Currents experienced: average 30-45A and peaking at well over 100A at startup if full throttle is applied.
The variable audio range PWM drive frequency has been tested and used over many years, and is proven to work. There has never been any commercial r/c speed control equipment that uses supersonic PWM frequencies, that is used in the DC/DC converters you are on about because having that whine in your ear all day will get on your nerves.
Most of the PWM circuits used in the cars are a bank of MOSFETS (running as a switch not sine wave generator) inserted between the motors neg terminal and the battery negative terminal, the battery positive is wired directly to the motors positive terminal (giving forwards and brake control only, the brake FET is between the battery + ve and motor -ve terminals ), so no fancy H bridge circuits (only on reverse capable speed controllers).

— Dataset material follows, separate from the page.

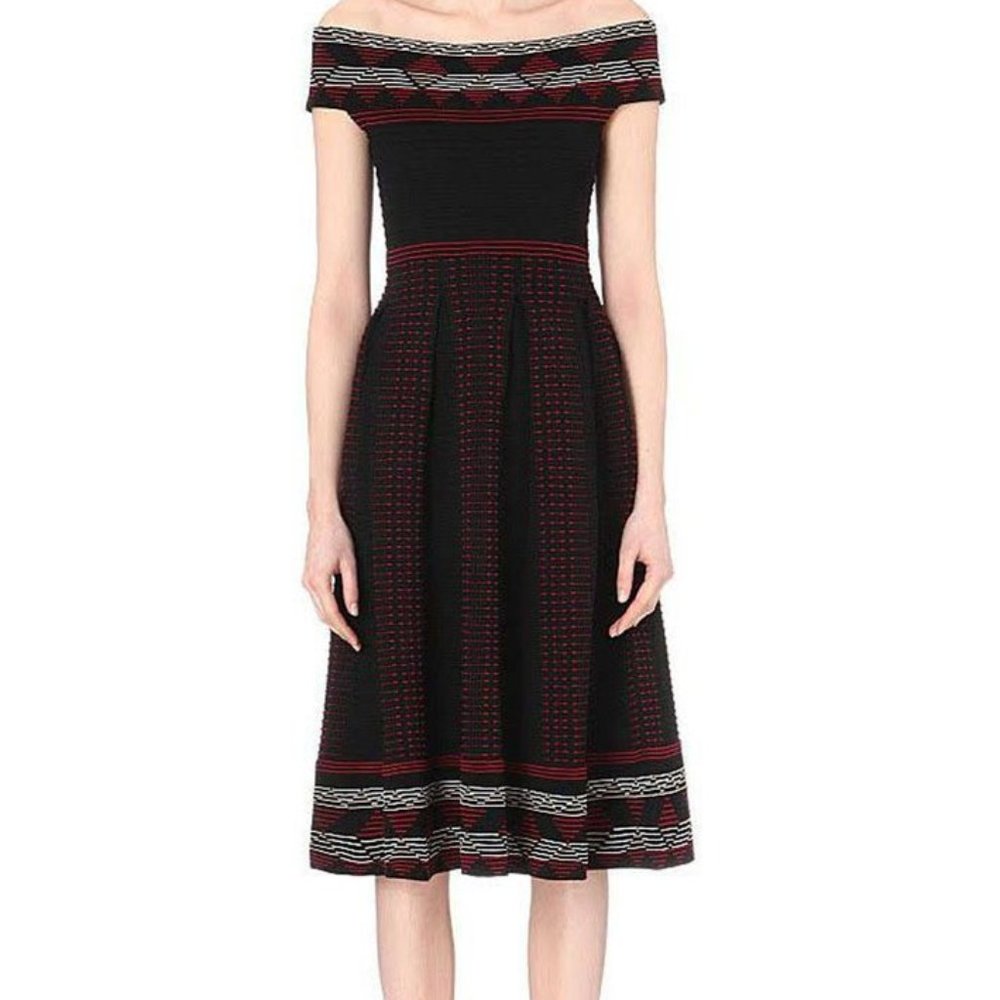 NWT Maje Black Remord Off Shoulder Knit Fit-and-flare Dress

These devices are all about compactness and minimal losses in the power path giving max power to the motor at full throttle and minimal things to go wrong such as LC networks. The only other components near the power path are snubber capacitors and a shottkey diode across the motor terminals.
So in conclusion, yes it would be nice to have an electrically clean and efficient designed H bridge, LC filter and so on but at the end of the day the space constraints, cost and robustness nothing beats what's there at the moment. If you can design and build something superior for the same cost as a decent unit today but just as robust or more so then I'll be the first to buy you a pint and your first commercial unit.
Chris
I don't think you're correct about this, especially when you're talking about a voltage range where the losses in the flywheel diode are so significant. At very low resistance and voltage, the inductive kick will be discharged and lost - with no further loss - entirely within a single low frequency PWM off cycle. At a high frequency, the loss is basically continuous throughout the off cycle, and higher on average.

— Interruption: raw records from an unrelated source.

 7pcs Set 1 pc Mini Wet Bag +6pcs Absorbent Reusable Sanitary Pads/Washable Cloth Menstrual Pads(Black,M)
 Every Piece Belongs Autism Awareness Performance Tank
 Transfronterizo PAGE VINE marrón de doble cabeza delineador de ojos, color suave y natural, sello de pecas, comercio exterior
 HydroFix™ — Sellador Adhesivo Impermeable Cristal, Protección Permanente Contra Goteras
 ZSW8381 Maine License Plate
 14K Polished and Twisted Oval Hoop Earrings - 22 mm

A higher switching frequency could yield better results than either way, if the braking mosfets were used to provide active commutation, reducing the losses in the flywheel action.

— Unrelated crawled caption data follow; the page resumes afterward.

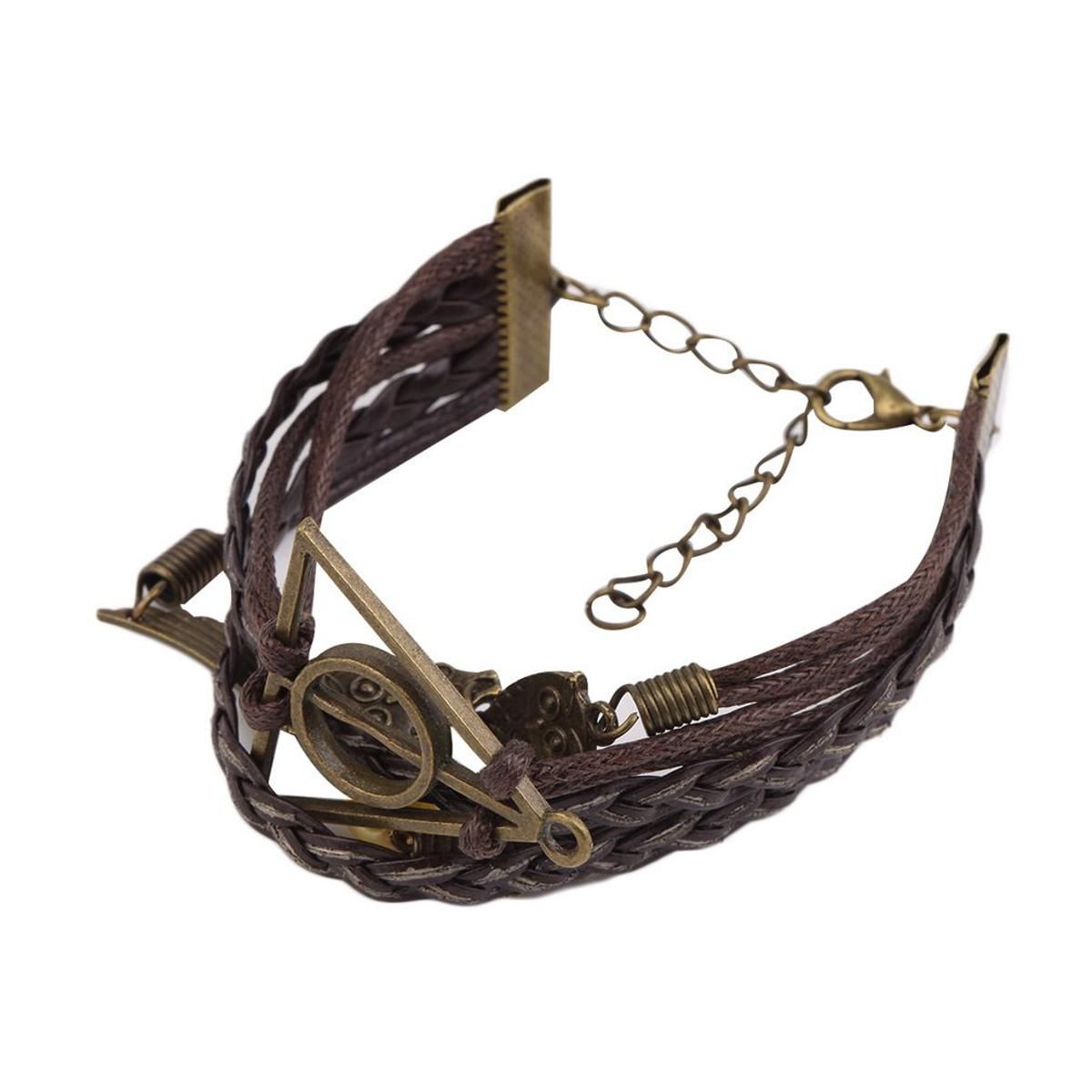 New Fashion Owl Hallows Angel Wing Leatherette Antique Charm Bracelet Gift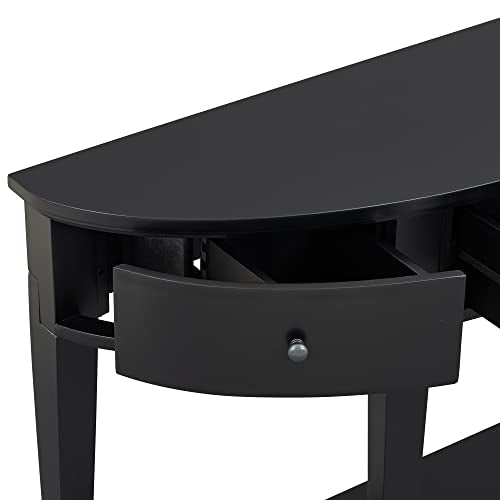 Half Moon Console Table with 3 Drawers and 1 Shelf Q548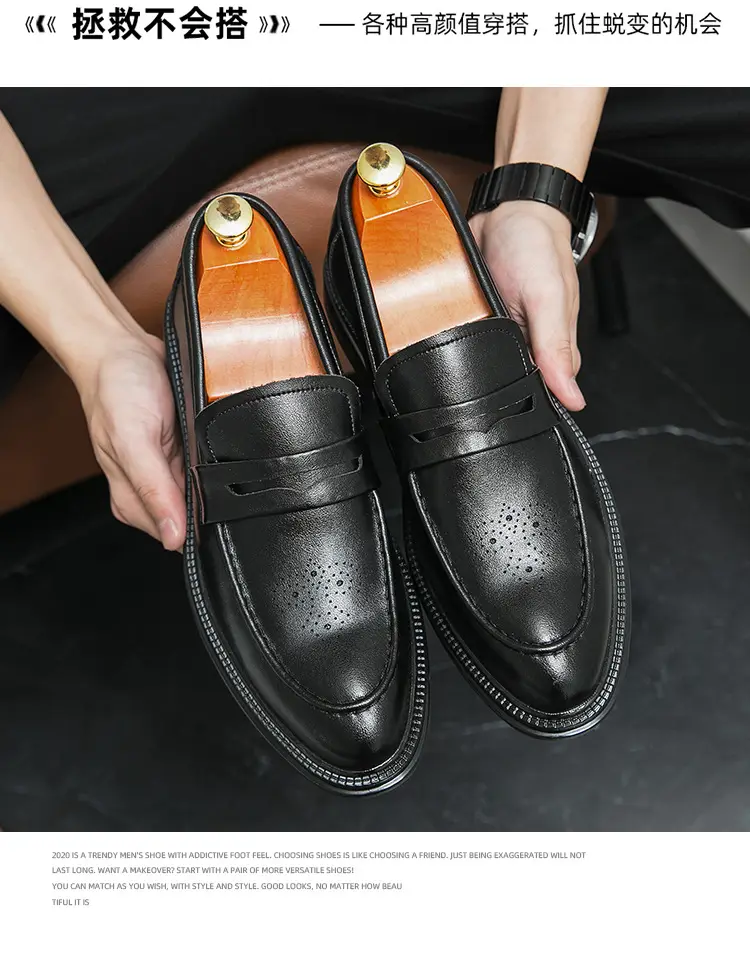 Shoes pointed-toe, men's casual classic suit jacket English style, 2023, British style, soft sole, non-slip sole — chobi 17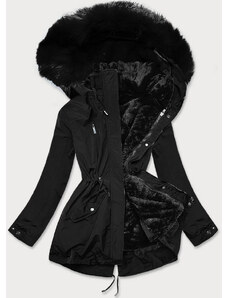 MHM Čierna dámska zimná bunda s machovitým kožúškom (W553)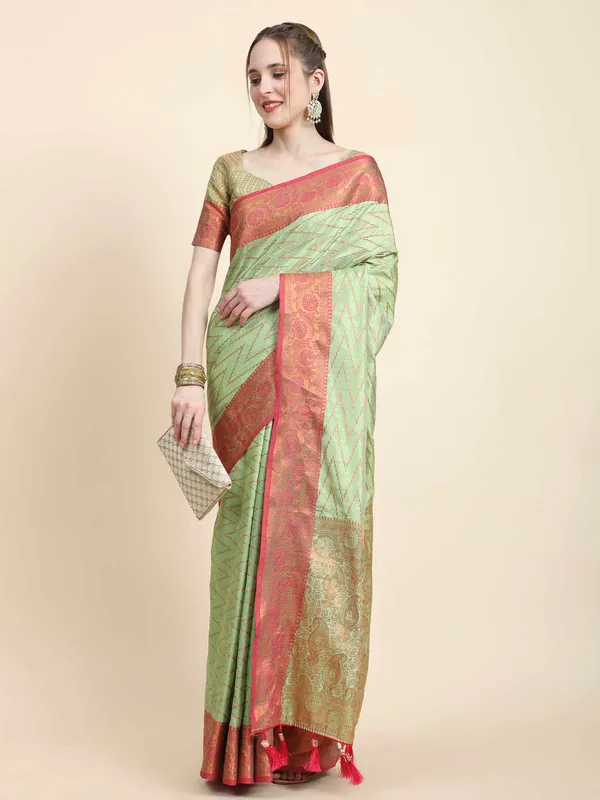 Pista_Katan_Silk_With_Zari_Weaving_Rich_Pallu_And_Contrast_Weaving_Small_Border_Saree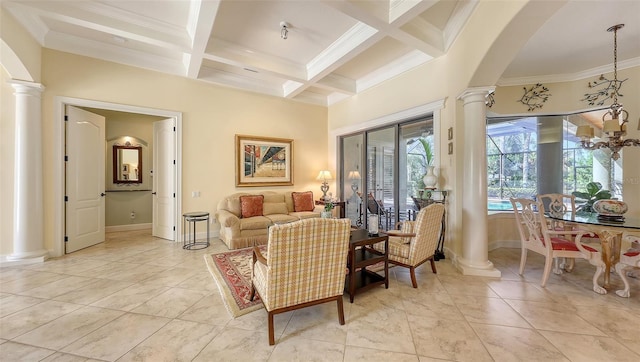 8832 Enclave Ct, Sarasota, FL 34238 - living area featuring decorative columns, beamed ceiling, coffered ceiling, arched walkways, and ornamental molding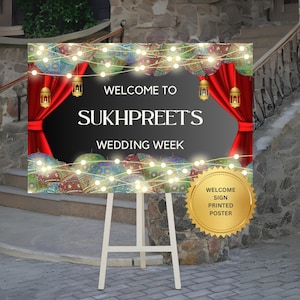 Personalized Indian Wedding Welcome Poster: Punjabi Decor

Make that an L - you don't want or need any C. But without active commutation, the L will increase the flywheel losses at low frequencies to match those at high ones.
Clifford Heath.
I've never head it called a "flywheel" diode, we've always called it a flyback. Technically speaking, I think "flywheel" is probably a bad name considering what it does.
Anyway, there should be little loss in the diode, the energy should be stored in the LC circuit.
This is the bahavior of an LC circuit poorly matched to the frequency.
The thing about LC circuits is that, if properly tuned to the frequency of the PWM, there is very little loss. The theoretical loss should be zero, but there is always core saturation, coil resistence, capacitor leak, etc. If you are losing power in an LC circuit, it has only one place to go, and that's heat and that's waste, and potentially smoke.
You should put a capacitor across the motor terminals, and feed the motors with two inductors, and diode protect your h-bridge. The LC should be tuned so that you see very little ripple at half load/duty cycle at the PWM frequency. Depending on your current, you may need a big core and capacitor, if you increase the PWM freqency you can make them smaller.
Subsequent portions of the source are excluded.